In his debut season, New York Jets fifth-round rookie CB Bryce Hall demonstrated qualities that warrant confidence he can become a building block.
The journey to New York …
The story of New York Jets cornerback Bryce Hall is one of perseverance.
In 2018, Hall excelled during his junior season for the Virginia Cavaliers. Hall led the nation with 22 pass breakups. That impressive number landed him a spot on the All-ACC First Team and the Walter Camp All-America Second Team.
With a decision regarding his future looming, Hall opted to return to the Cavaliers’ campus for his senior season. Given his standout play, Hall positioned himself to be in the conversation with other highly regarded prospects for the 2020 NFL draft.
However, the course of his future changed on the night of Oct. 11, 2019. Unfortunately, Hall suffered a significant leg injury while blocking on the punt return team late in the first half of a game against the University of Miami, ending his college football career.
Once considered an early-round draft prospect, Hall’s draft stock was drastically altered as it became uncertain when he would hear his name called that upcoming April.
On draft weekend, Hall continued to tumble further and further down the board to the surprise of many. Finally, in the fifth round, Joe Douglas and the Jets took a chance on the talented Virginia product.
2020 rookie season
Hall’s recovery continued through the start of the 2020 NFL season. As the Jets struggled mightily week after week, the conversation mid-season shifted toward the future of the organization – which players on the current roster can be considered building blocks moving forward?
Finally, Hall got a chance to prove that he could be one of those building blocks when he made his anxiously-awaited debut in Week 9 against the New England Patriots. After seeing limited action in that game, he went on to start the remaining seven games of the season.
To say Hall was thrown into the fire early is an understatement. In his first start, he saw plenty of matchups with Keenan Allen and Mike Williams. Then followed DeVante Parker, Darren Waller, D.K. Metcalf and the Rams’ multi-talented WR group.
Sure, did we see Hall get beat by DeVante Parker on a couple of back-shoulder throws? Yes. Did Hall get called for pass interference in an attempt to cover Kennan Allen? Yes. Was he a victim to DK Metcalf’s fade route to the back pylon? Yes.
What I’m here to tell you and then show you is …
The transition to the NFL for a cornerback is extremely difficult. Of course, you’ll find plays where he gets beat for a completion. And given the nature of the position, those plays will happen in the future.
What’s important at this stage of his career is to analyze his technique, positioning, and understanding of his responsibilities.
Fortunately, the totality of his rookie film shows encouraging signs of a bright future that leads me to the confident opinion that Bryce Hall is a building block for the Jets defense.
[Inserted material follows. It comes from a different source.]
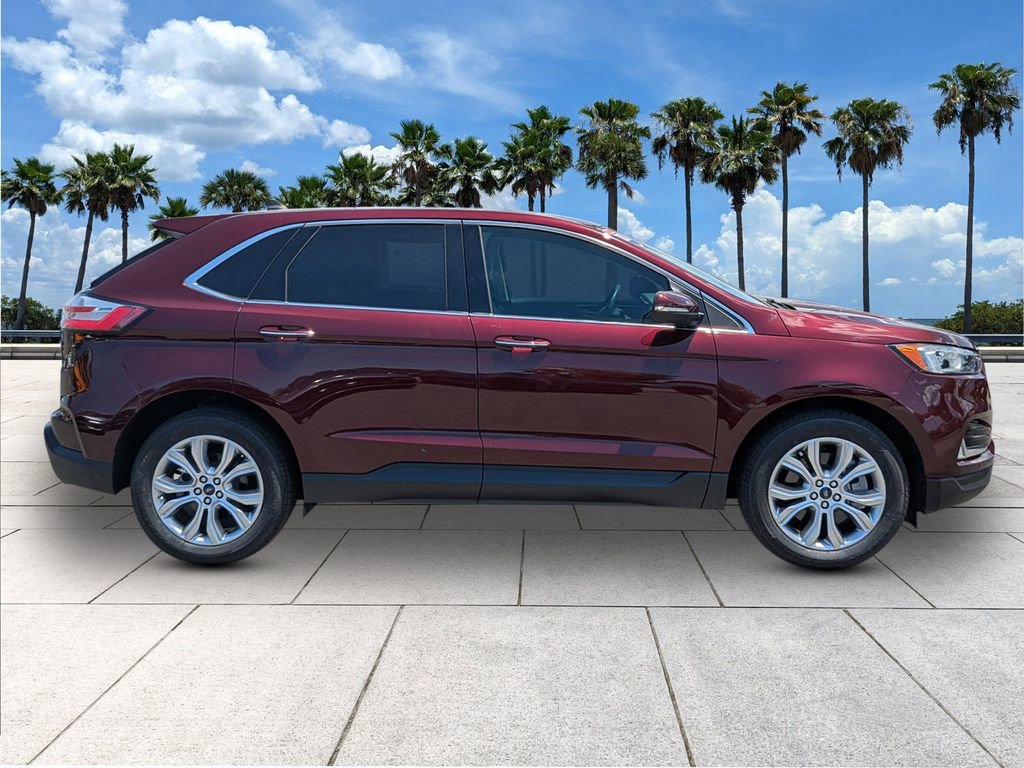 Certified 2021 Ford Edge Titanium FWD image 9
I’ve broken down a variety of plays that capture the following:
- His technique in soft press man to man coverage
- His read, react and tackling skills combined with discipline in zone coverage
- An example of having the all-important short memory
Let’s get to the film.
Technique in Man to Man Coverage
Hall often played in man coverage utilizing the soft press technique. The above video contains a breakdown of two plays from his first start. The first play features a matchup with Mike Williams, who runs a vertical route. The second features a matchup with Kennan Allen, who runs a stop.
In soft press, Hall will be lined up with about 2-3 yards of separation between him and the WR. This requires patience, eye discipline and timing. The goal is to have active feet, watch the WR’s movements, keep leverage and break outside into your man turn or inside based on the WR’s route.
Both plays required Hall to get into his man turn. Once in his man turn, he did a great job of keeping a good relationship with the WR; staying on his hip. Great positioning resulted in two incompletions – fantastic stuff for a young rookie against a pair of NFL studs.
Let’s move on to Hall’s short memory. As I previously mentioned, there are going to be plays that do not go your way.
In man coverage, Hall sees a slant route from Parker. Without active feet at the snap, Hall ends up positioned far ahead of Parker allowing him to cut underneath to the slant. The result is a completion, missed tackle, and big gain.
A short memory is required for a cornerback. The second play above has Hall again in soft press against DeVante Parker just a quarter later. This time, Hall has active feet, keeps his shoulders square, and breaks with Parker to the slant. As the quarterback releases, Hall gets his left arm on Parker’s upfield shoulder and his right arm over the top into the passing lane to break up the pass.